JACK is the full-time audio core and everything goes through it with bridges if apps aren’t JACK native. Ardour works, Linux VST plugins work, many Windows VST plugins work too. I didn’t play with any of that much since my primary goal is podcast production, preferably with Skype remote co-hosts, which works (yay!)
I loaded up Skype, then Ardour. In Ardour I mapped the first two mics on my mixer to tracks 1 + 2 (since my wife and I co-host most of our shows together). I created a 3rd track and mapped the pulseaudio sync to it. This feeds all audio output from pulse applications (browser, media player, Skype) to that track. The outputs of my microphones were already mapped from Jack to Pulse, so I didn’t have to do anything there.
I called the sexy Skype Call Testing robot and voila — I could hear her, and she could hear me! Furthermore, Ardour recorded all of her audio on to track 3 which was completely discreet (neither of my mics were on the track) and my tracks 1 + 2 were completely discreet as well – exactly what I wanted, so mission accomplished!
This was mostly “out of the box” with very little tweaking. The tweaks wouldn’t even have been necessary if I had a USB, PCI, or fully supported firewire interface. KXStudio really does “just work”.
On Twitter today Thomas, Chris and I commented about the new Google+ a little and I think that their “Hangout” feature will be a boon to podcast recording. It allows ten person video conferencing for free. With this setup I could participate in a multi-person video conference and record its audio (or not), and still have clean tracks of my side of the conversation. If each person recorded their side of the conversation and we pull WAV files together, then we’d have pristine sound with the benefit of that facial and body language feedback to help the conversation go smoother.
- My latency is pretty abysmal (24 – 46ms depending on how hard I want to push the cpu), but that’s not important for podcast recording. Nothing is noticeable on the Skype call. I will work on latency when I get back to doing some music composition, but I suspect I will need a new rig for that given the slow system bus and other limited resources of this machine. I was able to run at 2.5ms without affecting my Ardour tracks (I only tried three), but every other program was bogged as the CPU spikes. I suspect the Ardour recording works so well since JACK is running in realtime mode with a high priority so all other programs get very little cpu time.

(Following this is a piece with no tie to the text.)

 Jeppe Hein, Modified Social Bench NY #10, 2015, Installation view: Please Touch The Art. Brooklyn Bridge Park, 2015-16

- You cannot play audio from a pulse source and route that to Skype. For instance, the other people on the call wouldn’t hear a YouTube video if you played it. This is a minor inconvenience. I suspect that you could route a VLC or Audacity instance to feed them audio (thinking about podcast feedback here), but I didn’t have a chance to try it. In a way it’s good because it means that your buddies won’t hear any desktop alerts or other system audio chimes if you forgot to turn them off.
Another benefit of Google+ Hang Out is that you can do shared YouTube watching that syncs between all browsers. If anybody pauses, fast forwards or rewinds it automatically does so on everybody’s YouTube stream. Pretty nifty! If only Netflix or HBOGo would hook into this!

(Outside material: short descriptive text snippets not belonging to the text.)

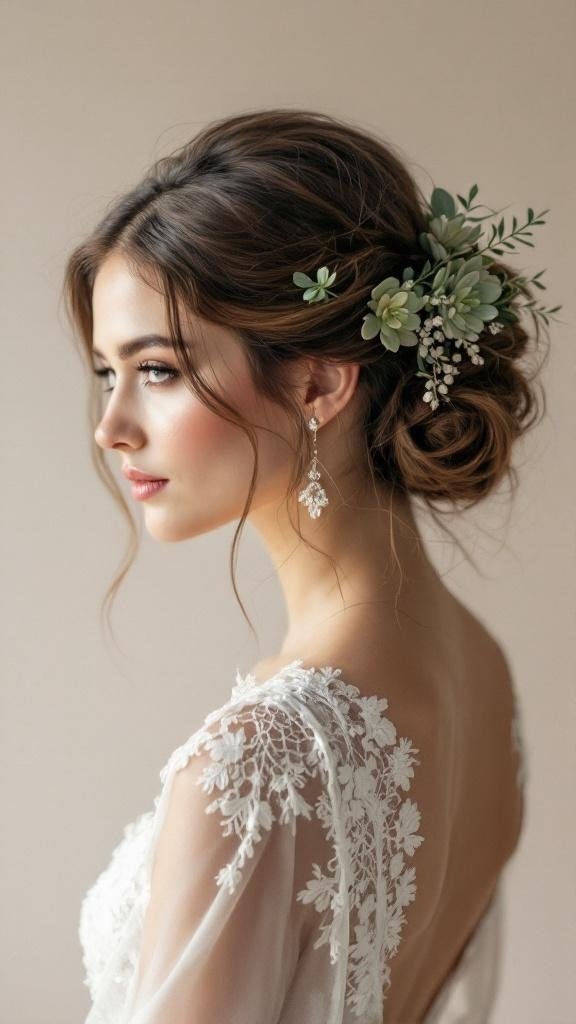 A bride with a chic succulent hairpiece, featuring soft greens and delicate blooms.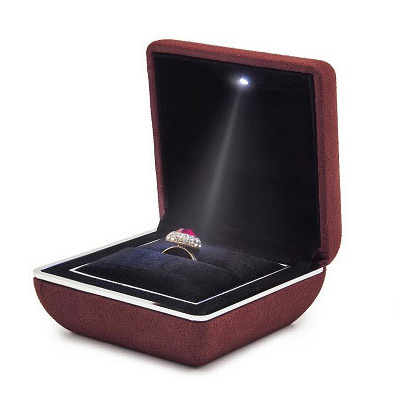 High-end luxury wrapped suede led light jewelry box
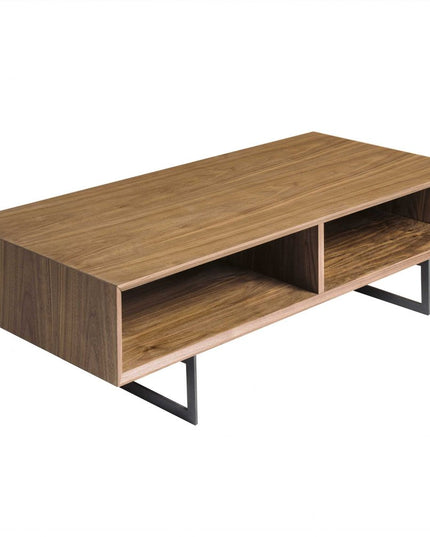 47" Brown and Black Wood And Metal Sled Coffee Table With Two Shelves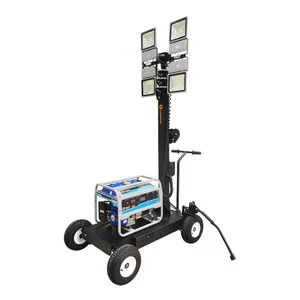 Portable 4*400W LED Light Tower with Mobile Lighthouse Lifting Generator Trolley Easy-to-Move Lighting Solution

- If you shut your mixer off, it will not come back up in JACK. You need to reboot your whole system before recording again. Also a minor inconvenience, but somewhat annoying since that was something that didn’t seem to bother Windows.
Of course with the audio issues I’ve had lately with recording through Windows, I was profalactically rebooting before every session so it’s a wash. It is likely possible to modprobe the firewire kernel module again after turning the mixer back on and force-restarting JACK, but I didn’t try that.
How I Got There:
When looking at all of the media-centric Linux distributions I decided to go with KXStudio on top of Ubuntu. I found it interesting that they recommend Lucid (10.04) rather than the newest version. There were actually forum comments from FalkTX (the main guy behind KXStudio) essentially saying that 10.04 is still the best platform for audio on Linux due to changes in the newer versions.

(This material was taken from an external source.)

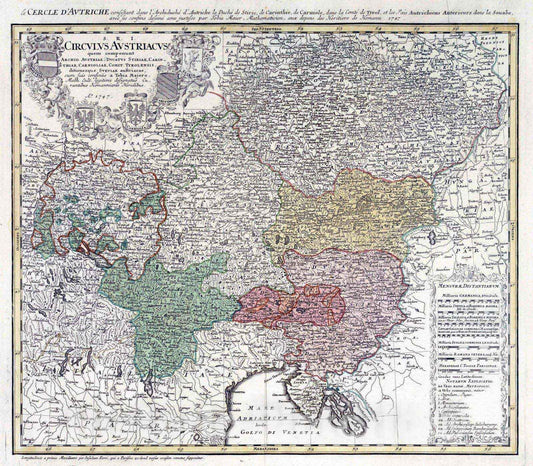 Historic Map : Austria, 1747 Circulus Austriacus. , Vintage Wall Art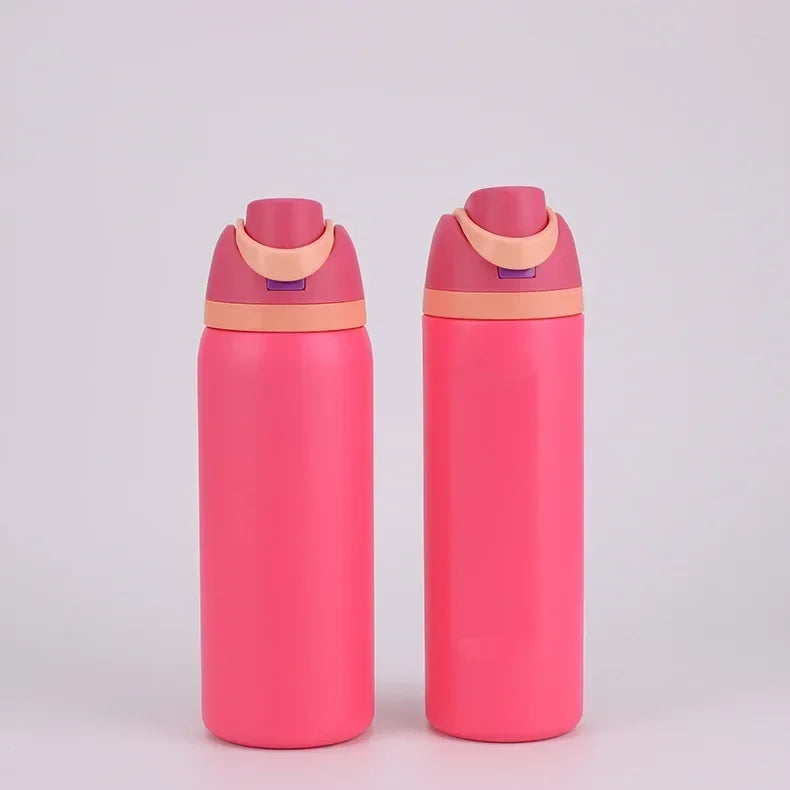 24/32oz New 304 Thermos Cup Double-Layer Stainless Steel Space Kettle Water Bottle with Straw Car Outdoor Sports Camping Sports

I thought briefly of going ahead with 11.04 (KX does support it), but figured I would use what they recommend. The KXStudio team backports all of the kernels, tools and the latest versions of pretty much all audio software to 10.04 so there isn’t much to lose. Also, it is a Long Term Support release for Ubuntu, so it will have security and bug fixes half way through 2013. A recording studio is something that you don’t want to mess around with a lot once you have things dialed in.
I downloaded and installed Ubuntu 10.04, then followed the instructions to add the KX repositories and “upgrade” to KXStudio. It went very smoothly with a couple minor question prompts and some waiting for it to download a couple gigs of software.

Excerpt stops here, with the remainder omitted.